Rep. Keith Ellison flirts with idea of regulating CEO pay

Democrats have managed somehow to slip from a double- to single-digit lead over Republicans in generic congressional ballots – and just in time for the campaign season.

So, what better way to inject life and excitement into the opposition party than to float the idea of federally regulated pay for the CEOs of private companies?

Enter Minnesota congressman and Democratic National Committee deputy Keith Ellison:


Ellison appeared this week on Bloomberg television to discuss his new report showing CEOs generally make more money than the median employee.

Bloomberg’s David Westin asked, “Are you favoring the government actually regulating the relationship between CEO pay and the average worker?”

“I think it is a very good idea, and I think we should start talking about it,” Ellison responded. “This is a broad conversation that needs to, of course, take in policymakers like me,” the congressman said. “But shareholders and investors need to be worried about this too because I do not think this leads to the overall health of the company. I think it takes care of a few people at the tip-top.”

Ellison criticized what he called “exorbitant” salaries for CEOs. He said the differences in pay were “bad and extreme.”

The Democratic congressman also took a page from President Trump’s book and made sure to go after companies specifically for employing offshore labor in favor of American workers.

“Other companies come back and say, ‘Well, what about our workers overseas?
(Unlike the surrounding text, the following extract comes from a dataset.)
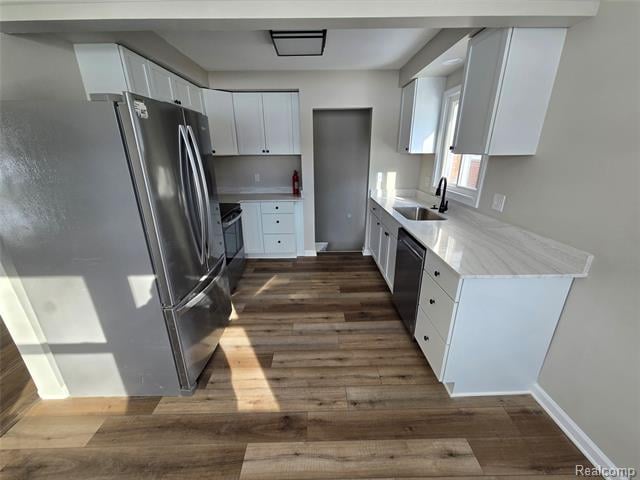 Builiding view three for 816 London, Lincoln Park, MI. 48146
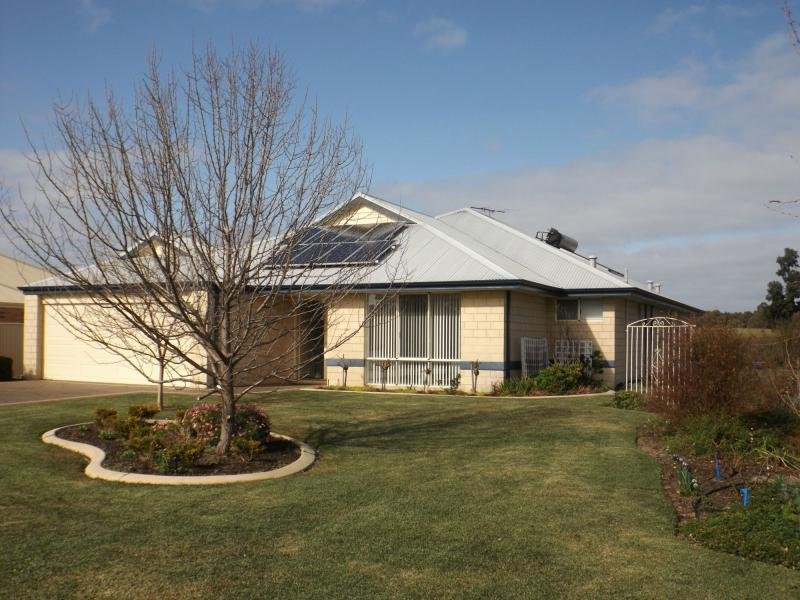 43 Leschenaultia Circle, Donnybrook, WA 6239 Property Details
They have a lower cost of living,’” Ellison said. “That just means you are offshoring to places where the wages are low, the environmental protections are low, the workers’ rights are low, the human rights are low, so you can make a lot of money.”

It’s fine and well to talk about forbidding American companies investing in operations overseas — as many of them do without eliminating any jobs here at home — but can we go back to the part about federal government wage controls?